▸ Goal of the exercise
Wherever pictures appear in the listing below, leave them out, and copy exactly, and only, everything from the line with "Aerial view of" down to the line with "A man wearing".

▸ Material provided
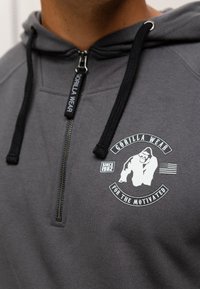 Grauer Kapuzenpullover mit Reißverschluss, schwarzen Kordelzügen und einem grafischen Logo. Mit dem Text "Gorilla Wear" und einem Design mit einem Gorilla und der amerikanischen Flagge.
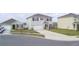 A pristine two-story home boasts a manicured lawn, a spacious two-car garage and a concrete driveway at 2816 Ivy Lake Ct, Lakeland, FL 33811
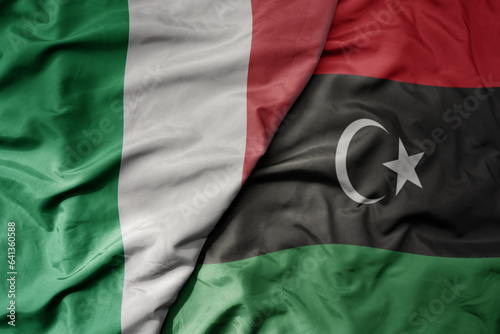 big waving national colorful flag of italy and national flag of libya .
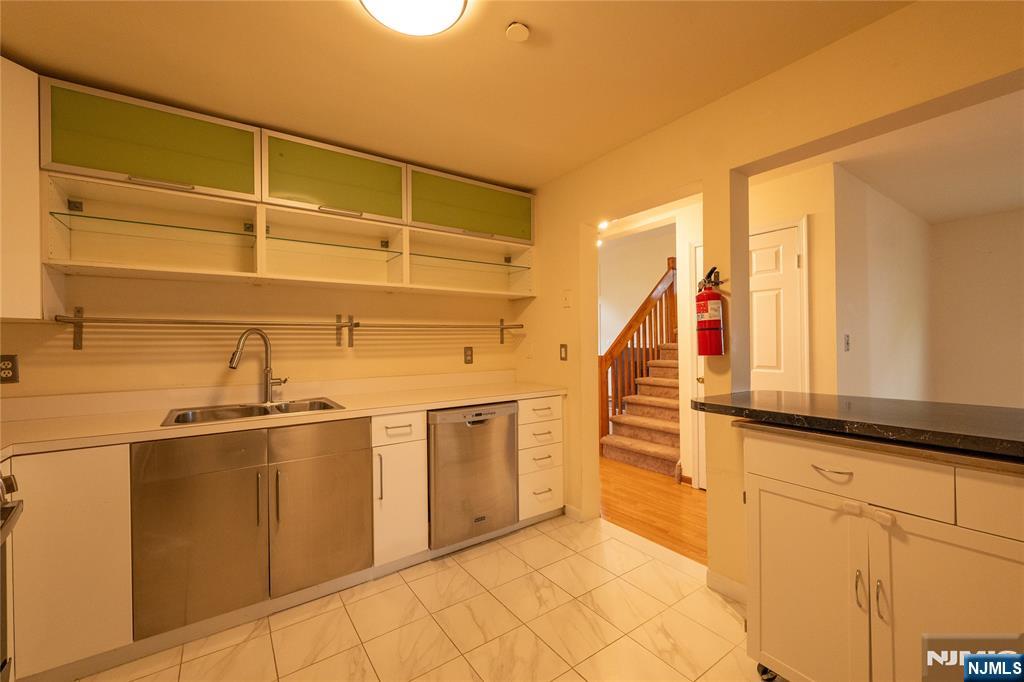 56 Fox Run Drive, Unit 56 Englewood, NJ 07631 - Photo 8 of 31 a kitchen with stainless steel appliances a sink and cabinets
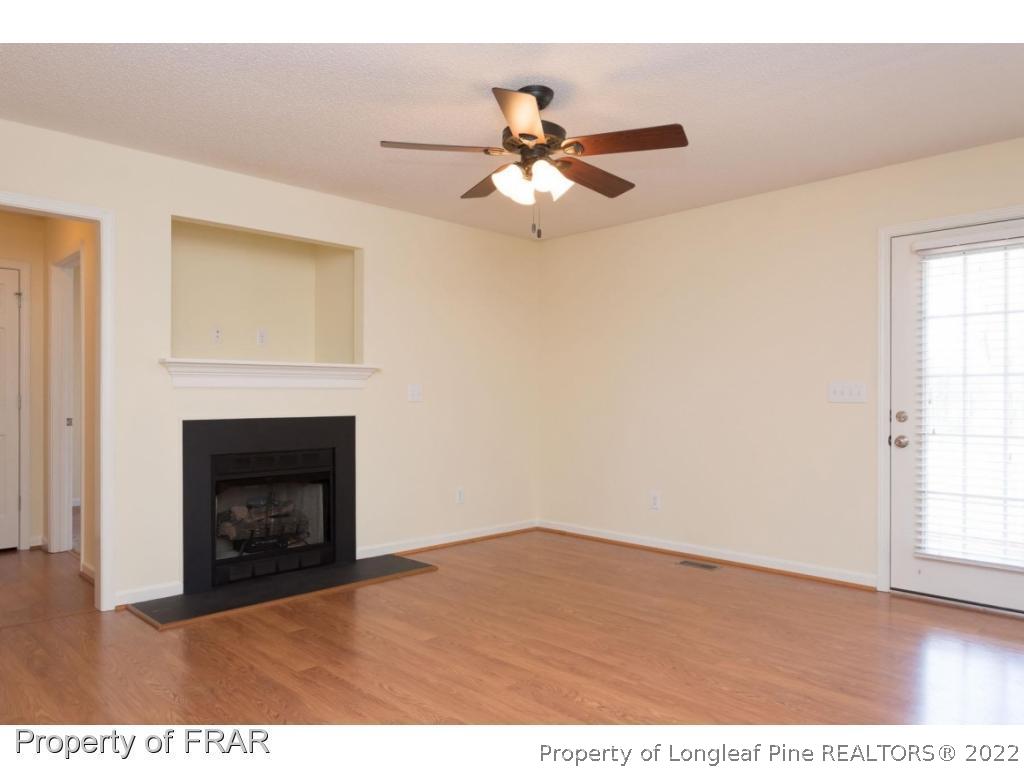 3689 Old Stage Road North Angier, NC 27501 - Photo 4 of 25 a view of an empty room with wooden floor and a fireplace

==

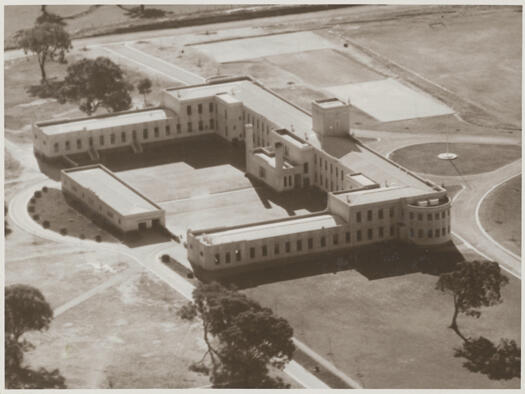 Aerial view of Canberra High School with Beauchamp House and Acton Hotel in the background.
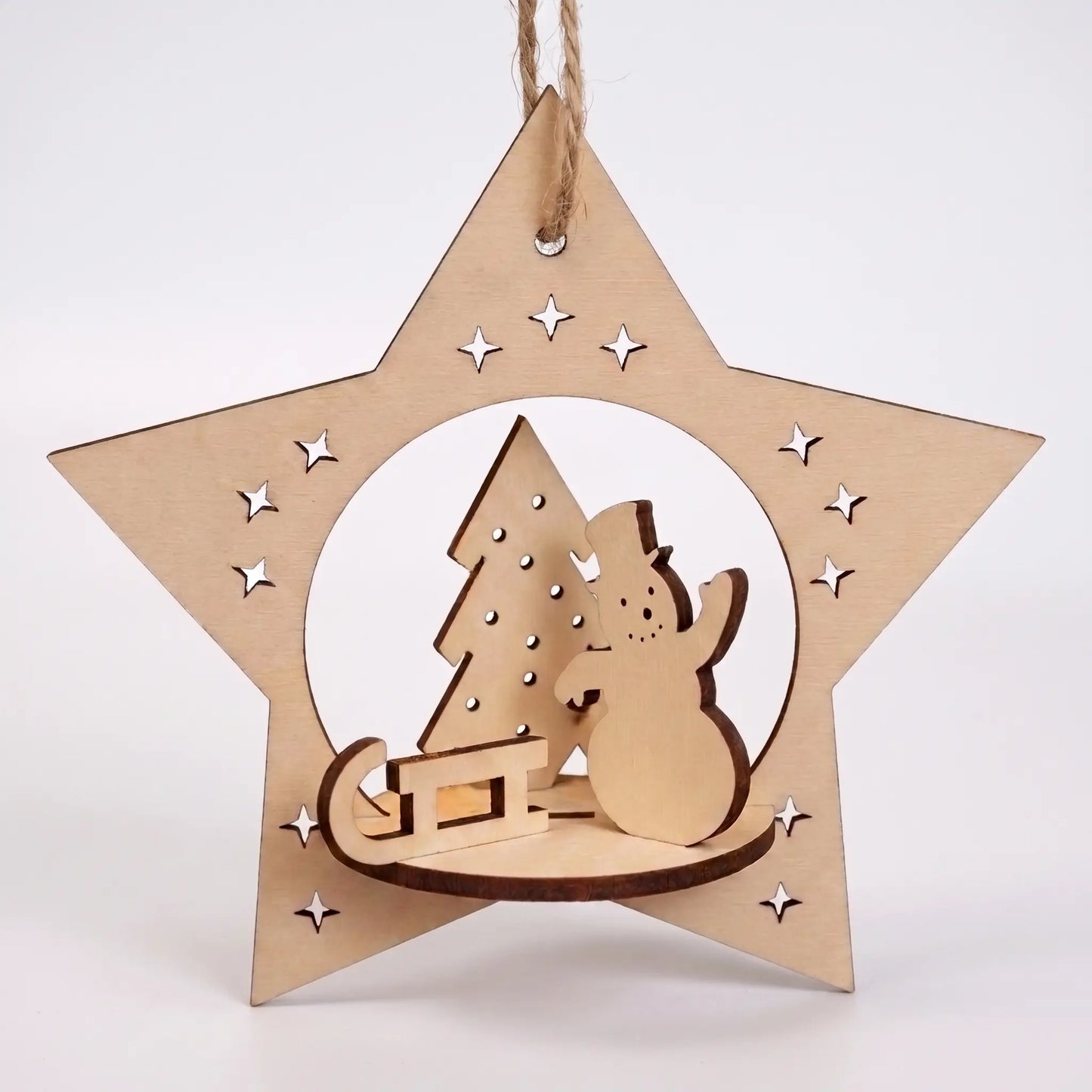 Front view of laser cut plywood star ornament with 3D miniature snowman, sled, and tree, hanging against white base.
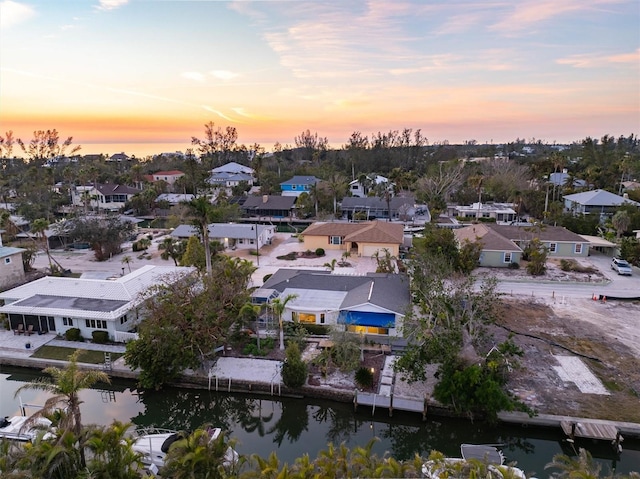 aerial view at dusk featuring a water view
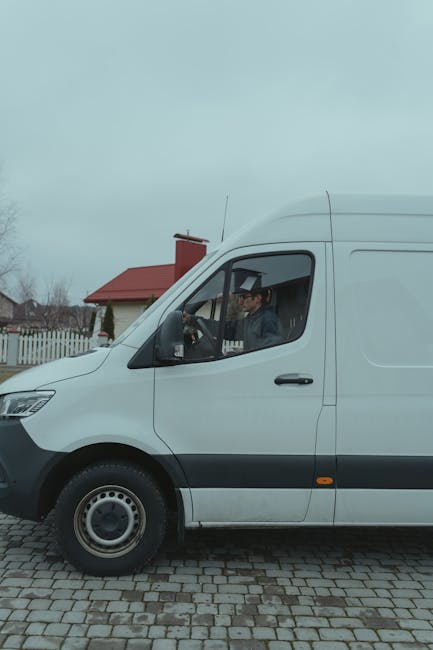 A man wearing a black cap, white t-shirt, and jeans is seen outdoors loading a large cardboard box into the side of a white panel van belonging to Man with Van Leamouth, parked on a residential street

▸ Written solution
 Aerial view of Canberra High School with Beauchamp House and Acton Hotel in the background.
 Front view of laser cut plywood star ornament with 3D miniature snowman, sled, and tree, hanging against white base.
 aerial view at dusk featuring a water view
 A man wearing a black cap, white t-shirt, and jeans is seen outdoors loading a large cardboard box into the side of a white panel van belonging to Man with Van Leamouth, parked on a residential street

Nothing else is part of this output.